Adresse A la citoyenne Bonaparte chez la citoyenne Beauharnais. Rue Chantereine n° 6. Paris. Cette lettre, la cinquième envoyée par Bonaparte à son épouse, a été publiée pour la première fois en 1827 dans le second volume des Mémoires d'une contemporaine d'Ida Saint-Elme.
En voici le texte conforme à l'orthographe : Je n'ai pas passé un jour sans t'aimer, je n'ai pas passé une nuit sans te serrer entre mes bras, je n'ai pas pris une tasse de thé sans maudire la gloire et l'ambition qui me tiennent éloigné de l'âme de ma vie.
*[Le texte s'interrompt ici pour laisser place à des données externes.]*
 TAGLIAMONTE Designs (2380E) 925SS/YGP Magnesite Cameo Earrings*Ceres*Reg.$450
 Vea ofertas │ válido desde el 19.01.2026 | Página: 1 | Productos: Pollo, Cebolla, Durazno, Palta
Au milieu des affaires, à la tête des troupes, en parcourant les camps, mon adorable Joséphine est seule dans mon coeur, occupe mon esprit, absorbe ma pensée. Si je m'éloigne de toi avec la vitesse du torrent du Rhône, c'est pour te revoir plus vite. Si au milieu de la nuit je me lève pour travailler encore c'est que cela peut avancer de quelques jours l'arrivée de ma douce amie. Et cependant dans ta lettre n°3 du 26 ventose tu me traites de Vous. Vous toi-même. Ah! mauvaise comment as-tu pu écrire la lettre mais qu'elle est froide. Et puis du 22 au 26 reste 4 jours. Qu'as-tu fait puisque tu n'as pas écrit à ton mari…A mon amie ce vous et ces 4 jours me font regretter mon antique indifférence. Malheur à celui qui en seroit la cause ! Pût-il pour peine et pour supplice éprouver ce que la conviction et l'évidence qu'il seroit ton ami me ferait éprouver. L'Enfer n'a pas de supplice ni les furies de serpents ! Vous ! Vous ! Ah ! que sera-ce dans quinze jours…Mon âme est triste, mon coeur est esclave et mon imagination m'effraye. Tu m'aimes moins. Tu seras consolée. Un jour tu ne m'aimeras plus. Dis-moi-le. Je saurai au moins mériter le malheur. Adieu, femme, tourment, bonheur, espérance, et âme de ma vie, que j'aime, que je crains, qui m'inspire des sentiments tendres qui m'appellent à la nature et des mouvements tempestueux aussi volcaniques que l'Etna. Je ne te demande ni amour éternelle, ni fidélité mais seulement…vérité, franchise sans borne. Le jour que tu me diras je t'aime moins sera ou le dernier de mon amour ou le dernier de ma vie. Si mon coeur étoit assez vil pour aimer sans retour je le hacherai avec les dents. Joséphine, Joséphine ! Souviens-toi de ce que je te dis quelques fois. La nature m'a fait l'âme forte et décidée, elle t'a bâtie de dentelle et de gaze. Si tu cesses de m'aimer !! Pardon âme de ma vie, mon âme est tendre sur de vastes combinaisons. Mon coeur entièrement occupé par toi a des craintes qui me rendent malheureux. Je suis ennuyé de ne pas t'appeler par ton nom. J'attends que tu me l'écrives. Adieu ! Ah ! Si tu m'aimes moins tu ne m'auras jamais aimé. Je serai alors bien à plaindre.

Bonaparte

P.S. Tu l'agonises. Cette armée n'est plus reconnaissable. J'ai fait donner de la viande, du pain, du fourrage. Ma cavalerie armée, mes charrois marchent bientôt. Mes soldats me montrent une confiance qui ne s'exprime pas. Toi seule me chagrines, toi seule fais le plaisir et le tourment de ma vie. Un baiser à tes enfants dont tu ne parles pas. Pardi cela allongerait tes lettres et ensuite les visiteurs à 10 heures du matin n'auroient pas le plaisir de te voir. Femme !!!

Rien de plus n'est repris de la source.